International databases, including: the Web of Science, PubMed, Scopus, Embase, CINAHL and other relevant databases were searched to identify English language articles which reported the prevalence and risk of MetS in RA patients between January 2000 and August 2016. The meta-analysis only included studies which clearly described the time and location of the study, utilised adequate sampling strategies, and appropriate statistical analyses.

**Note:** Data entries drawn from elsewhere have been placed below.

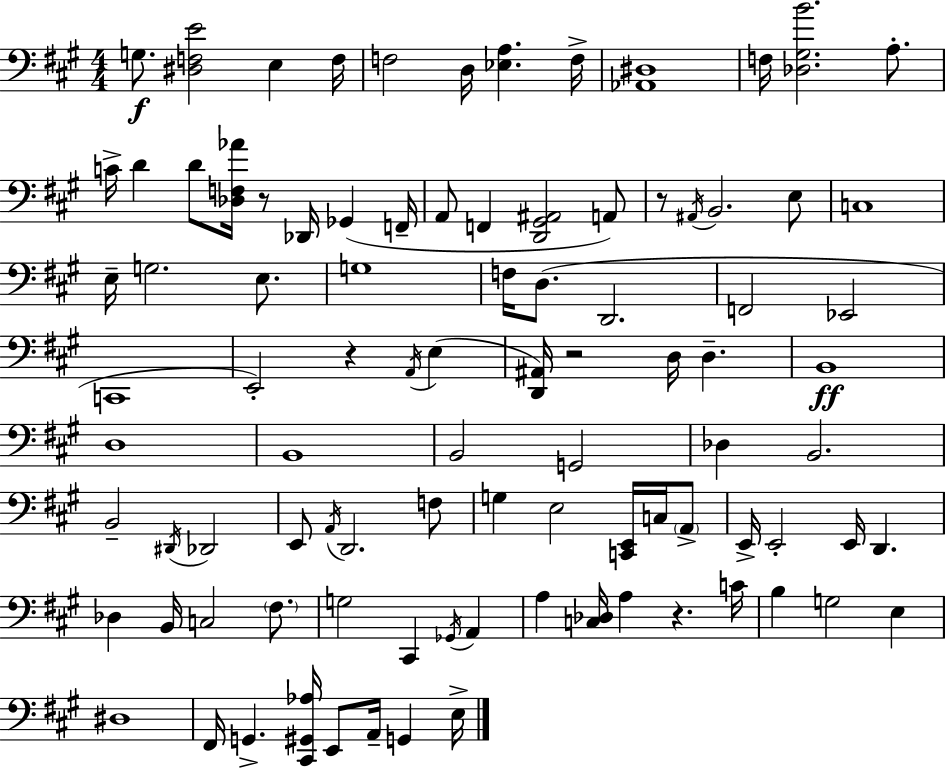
X:1
T:Untitled
M:4/4
L:1/4
K:A
G,/2 [^D,F,E]2 E, F,/4 F,2 D,/4 [_E,A,] F,/4 [_A,,^D,]4 F,/4 [_D,^G,B]2 A,/2 C/4 D D/2 [_D,F,_A]/4 z/2 _D,,/4 _G,, F,,/4 A,,/2 F,, [D,,^G,,^A,,]2 A,,/2 z/2 ^A,,/4 B,,2 E,/2 C,4 E,/4 G,2 E,/2 G,4 F,/4 D,/2 D,,2 F,,2 _E,,2 C,,4 E,,2 z A,,/4 E, [D,,^A,,]/4 z2 D,/4 D, B,,4 D,4 B,,4 B,,2 G,,2 _D, B,,2 B,,2 ^D,,/4 _D,,2 E,,/2 A,,/4 D,,2 F,/2 G, E,2 [C,,E,,]/4 C,/4 A,,/2 E,,/4 E,,2 E,,/4 D,, _D, B,,/4 C,2 ^F,/2 G,2 ^C,, _G,,/4 A,, A, [C,_D,]/4 A, z C/4 B, G,2 E, ^D,4 ^F,,/4 G,, [^C,,^G,,_A,]/4 E,,/2 A,,/4 G,, E,/4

The meta-analyses of prevalence (70 studies [n = 12612]) and risk (43 studies [n = 35220]) of MetS in RA patients were undertaken separately. The overall pooled prevalence of MetS was 30.65% (95% CI: 27.87-33.43), but this varied from 14.32% (95% CI: 10.59-18.05) to 37.83% (95% CI: 31.05-44.61), based upon the diagnostic criteria used. The prevalence of MetS also varied slightly between males (31.94%, 95% CI: 24.37-39.51) and females (33.03%, 95% CI: 28.09-37.97), but this was not statistically significant. The overall pooled odds ratio (OR) of MetS in RA patients, compared to healthy controls, was 1.44 (95% CI: 1.20-1.74), but this ranged from 0.70 (95% CI: 0.27-1.76) to 4.09 (95% CI: 2.03-8.25), depending on the criteria used. The mean age and diagnostic criteria of MetS were identified as sources of heterogeneity in the estimated odds ratios between studies (P<0.05).
According to the high prevalence of MetS in RA patients, and high risk of MetS, measuring metabolic syndrome in RA patients is strongly recommended. Furthermore, as high waist circumference (WC) is the most common metabolic syndrome component, more attention must be paid to nutrition and weight loss among those with RA.